Suppose $f$ is injective.
Let $a_0$ be a fixed element in $A$.
Define $g:A\rightarrow A$ by the rules:
For $x\in A$
(i) If there is an element $y\in A$ such that $f(y)=x$, then $g(x)=y$.
(ii) If no such element $y$ exists in $A$, then $g(x)=a_0$.
For case (i), the element $y$ is unique as if $g(x)=y_1$ and $g(x)=y_2$, then $f(y_1)=x=f(y_2)$ which implies $y_1=y_2$.
For case (ii), $g(x)=a_0$ is also unique by the way we define it.
So $g$ is a function from $A$ to $A$.
For $a\in A$, $gf(a)=a$ as $f(a)=x\in A$ implies $g(x)=a$ by (i).
Hence $g$ is a left inverse of $f$.
Solution 2:
Each of the two answers in this article have flaws in their proofs that every injective function has a left inverse, so here we set the record straight.
The accepted answer doesn't account for the fact that $A$ might be empty (this is really hair splitting). The answer by Reuben Stern only constructs a left inverse when the function $f$ is a bijection.
If $f: A \to A$ is injective, the converse relation $f^{-1}$ will define a bijective function
$$ f^{-1}: f(A) \to A$$
satisfying $f^{-1} \circ f = id_A$.
If $f(A) = A$ then $f^{-1} \in F_A$ and we are done.
If $f$ is not surjective let $a_0 \in A \setminus f (A)$ and define the function $g: A \to A$ by
$g(a) = \left\{\begin{array}{lr} f^{-1}(a)\, \;\;\;\text{ |} & \text{for } a \in f(A)\\ a_0 \quad \quad \,\,\;\; \text{ |} & \text{for } a \in A \setminus f (A) \end{array}\right\}$
It is easily checked that $g \circ f = id_A$.
Solution 3:
First of all, a one-to-one set function $f: A \to A$ certainly need not be a bijection; consider the multiplication by two map $\times 2: \mathbb{Z} \to \mathbb{Z}$. This is injective, but no odd numbers are in the image.
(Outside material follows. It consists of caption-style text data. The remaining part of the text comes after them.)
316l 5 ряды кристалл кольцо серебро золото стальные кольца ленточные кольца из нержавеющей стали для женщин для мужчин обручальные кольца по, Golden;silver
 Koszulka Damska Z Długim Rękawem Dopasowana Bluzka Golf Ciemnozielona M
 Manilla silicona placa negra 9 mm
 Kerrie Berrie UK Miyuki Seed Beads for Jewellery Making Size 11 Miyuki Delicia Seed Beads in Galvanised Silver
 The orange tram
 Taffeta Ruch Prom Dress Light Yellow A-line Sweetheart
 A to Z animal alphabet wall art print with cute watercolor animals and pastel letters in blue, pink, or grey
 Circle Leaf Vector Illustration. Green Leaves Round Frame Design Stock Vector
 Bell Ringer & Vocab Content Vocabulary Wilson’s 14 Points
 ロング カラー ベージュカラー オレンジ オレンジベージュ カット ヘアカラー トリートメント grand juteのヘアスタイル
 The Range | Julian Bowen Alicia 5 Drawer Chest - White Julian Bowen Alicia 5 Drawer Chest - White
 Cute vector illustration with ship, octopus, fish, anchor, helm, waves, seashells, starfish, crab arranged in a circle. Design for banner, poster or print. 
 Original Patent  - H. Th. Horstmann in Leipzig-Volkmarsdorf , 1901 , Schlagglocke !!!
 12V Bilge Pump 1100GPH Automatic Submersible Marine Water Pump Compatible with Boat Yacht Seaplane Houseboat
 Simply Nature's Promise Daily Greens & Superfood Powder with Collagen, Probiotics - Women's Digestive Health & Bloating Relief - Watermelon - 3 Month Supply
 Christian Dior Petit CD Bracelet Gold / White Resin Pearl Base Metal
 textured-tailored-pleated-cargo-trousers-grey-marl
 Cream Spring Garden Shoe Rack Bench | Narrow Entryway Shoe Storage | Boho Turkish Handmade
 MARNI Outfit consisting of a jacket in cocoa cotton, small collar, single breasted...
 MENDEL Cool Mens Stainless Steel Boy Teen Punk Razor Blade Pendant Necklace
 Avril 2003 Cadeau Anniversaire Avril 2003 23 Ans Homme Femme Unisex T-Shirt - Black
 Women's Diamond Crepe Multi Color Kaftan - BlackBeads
Now for your main question, assume $f$ is injective. Then define a left inverse $g$ by setting $g(x) = f^{-1}(x)$ wherever $f^{-1}(x)$ is defined. Because $f$ is injective, there is only one possible value for $f^{-1}(x)$, whenever it exists. Thus, $g$ is a left inverse of $f$ (because $g(f(x)) = x$ by definition). In the other direction, suppose that $g$ is a left inverse to $f$, i.e. for all $x \in A$, $g(f(x)) = x$. Now suppose that $f(x) = f(y)$. Applying $g$ to both sides, we see that $g(f(x)) = g(f(y))$, and since $g$ is a left inverse, this gives $x = y$. Thus $f$ is injective.